Повторяя драматическую ситуацию, складывавшуюся в 90-х годах вокруг ратификации Договора СНВ-2, российская Государственная Дума решила отложить ратификацию договора, подписанного Бушем и Путиным в Москве в мае 2002 года. Российская общественность, которая после 11 сентября выражала свои симпатии к Америке, изменила свое отношение к США в результате иракской войны, так же как это имело место в ходе боевых действий НАТО в Косово. В опросах общественного мнения, проведенных после начала войны, более 90% российских респондентов выразили свое отрицательное отношение к американской военной кампании, хотя и не высказывали особых симпатий к Саддаму Хусейну.

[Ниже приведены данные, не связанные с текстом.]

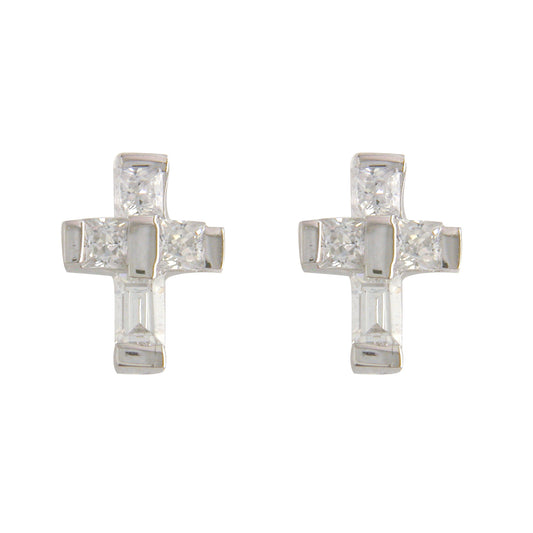 Silver Baguette CZ Cross Stud Earrings | Small - John Ross Jewellers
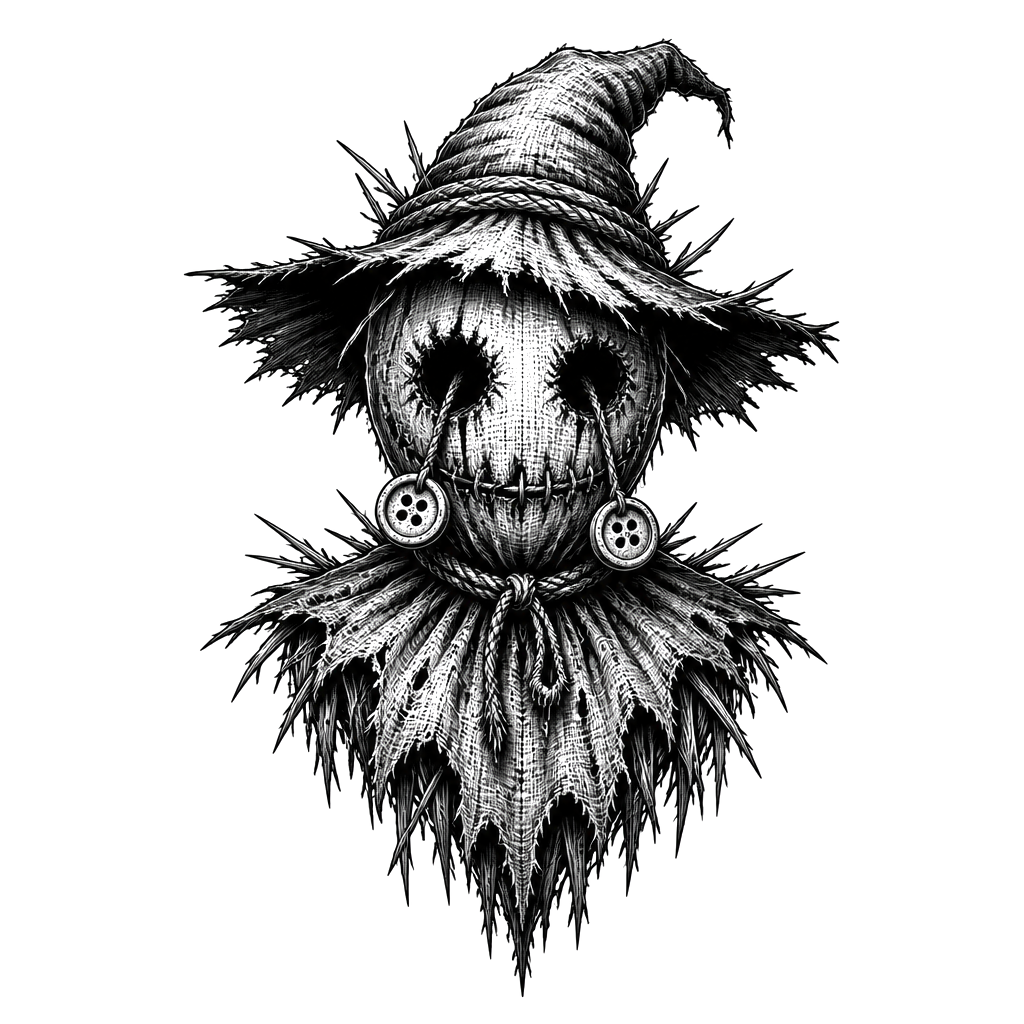 A scarecrow whose button eyes have come loose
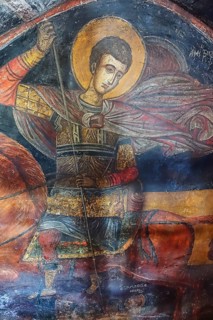 Medieval fresco of a saint in armour on a horse with halo, Asklipio village, Asklipion, Kimisis tis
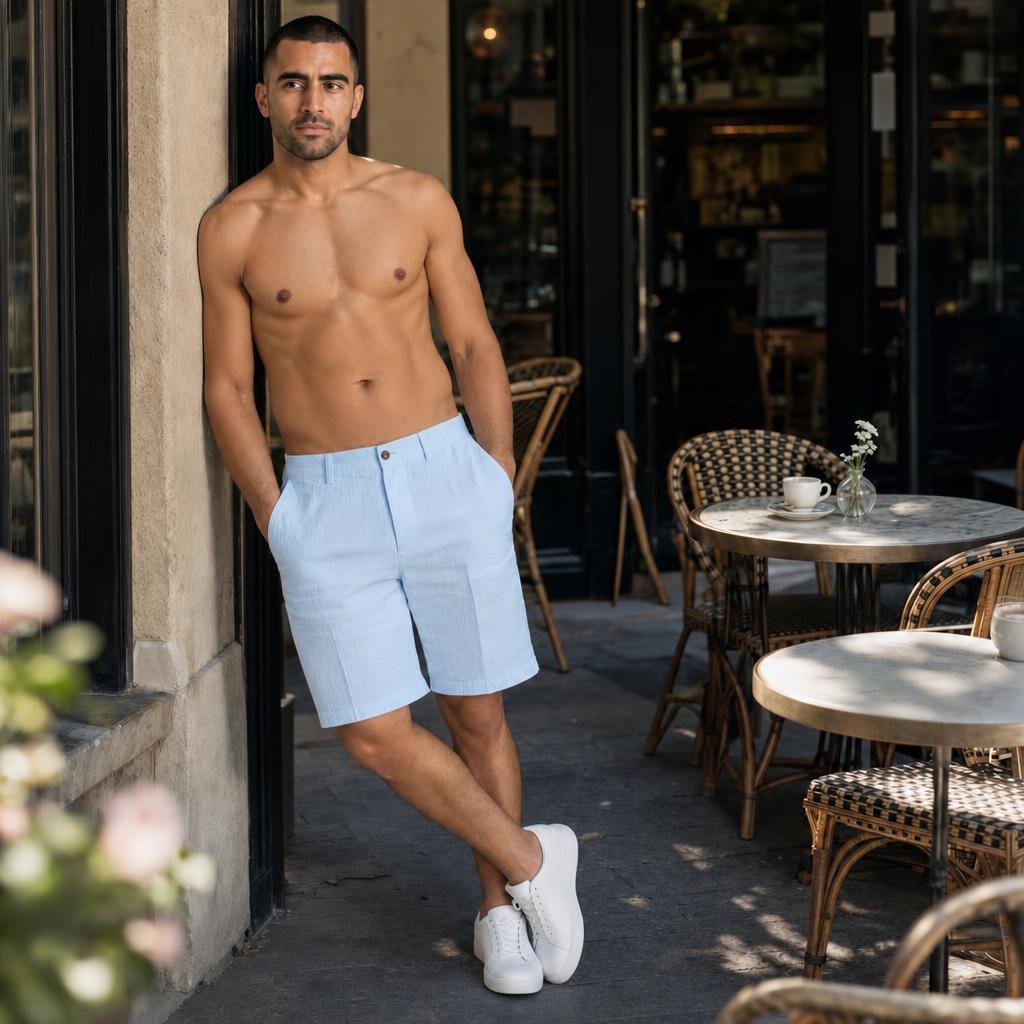Men's Elastic Waist Linen Shorts in Light Blue, front view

Было неприятно, что новый друг Буша Владимир Путин не поддержал его в тот момент, когда это было нужно больше всего. Но ситуация еще больше осложнилась, когда представители администрации Буша заявили, что российские фирмы в течение некоторого времени поставляли вооруженным силам Ирака средства подавления сигналов спутников глобальной навигационной системы (GPS), противотанковые ракеты и приборы ночного видения. Буш лично позвонил Путину, чтобы обсудить проблему нарушений санкций ООН, которые могут иметь прямые негативные последствия для воюющих в Ираке американских солдат. Публично официальные российские представители решительно отвергли эти обвинения. В ответ американцы пригрозили санкциями. Это начинало походить на потасовку между Клинтоном и Ельциным из-за Ирана.
Заключение
В мае 2002 года чиновники с обеих сторон на все лады разглагольствовали о том, что американо-российские отношения в тот момент были как никогда хорошими. Год спустя, в разгар войны с Ираком, это уже выглядело совсем иначе. Однако, как только война закончилась, оба президента позаботились о том, чтобы привести эти отношения к предвоенному состоянию. Тем не менее, несмотря на возобновившиеся заверения в дружбе, динамика американо-российских отношений летом 2003 года представлялась довольно ограниченной. Кое-кто в США был озабочен отступлением от демократии в России, но у администрации Буша не было ни интереса, ни энергии, чтобы заниматься внутренними проблемами России. В риторическом плане американский и российский президенты вновь подтвердили приверженность своих стран глобальной борьбе с терроризмом, но без ссылки на конкретные совместные акции. Похоже, ни у одной из сторон не было новых идей относительно путей разрешения реальных спорных проблем двусторонних отношений, включая самую важную — проблему Ирана. Вместо этого в отношениях установилось некоторое равновесие. На горизонте не просматривалось каких-то новых инициатив в плане внутренних преобразований России или ее интеграции с Западом. Вместе с тем не было и проблем, которые могли бы фундаментально изменить обстановку в двусторонних отношениях.